_Dataset records:_
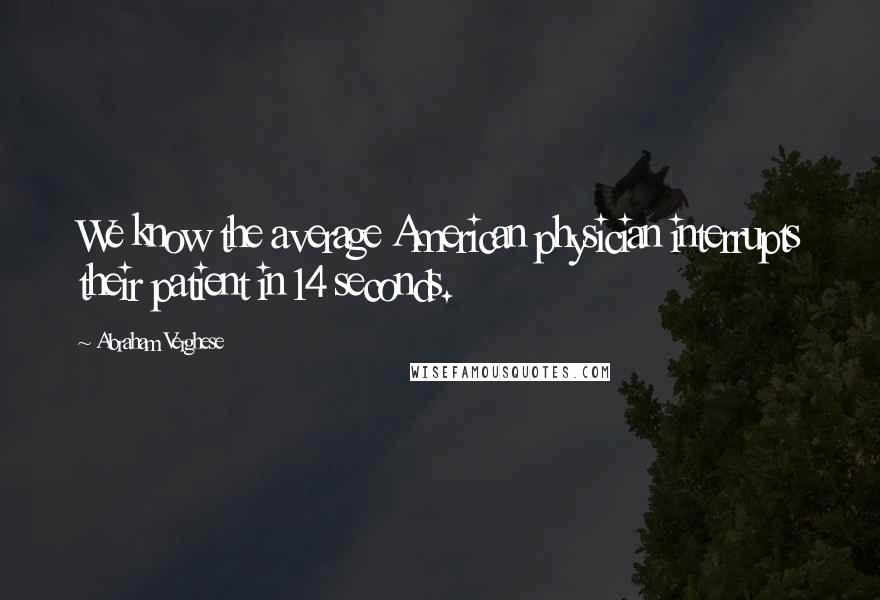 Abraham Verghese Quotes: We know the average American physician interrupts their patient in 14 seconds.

---

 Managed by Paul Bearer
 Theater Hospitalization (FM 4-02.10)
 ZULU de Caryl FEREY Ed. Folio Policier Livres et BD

_Work request:_
From the listing above, the lines starting with the one that has "Theater Hospitalization (FM 4-02.10)" and running through the one that has "ZULU de Caryl" should be copied exactly, ends included.

_Exercise result:_
 Theater Hospitalization (FM 4-02.10)
 ZULU de Caryl FEREY Ed. Folio Policier Livres et BD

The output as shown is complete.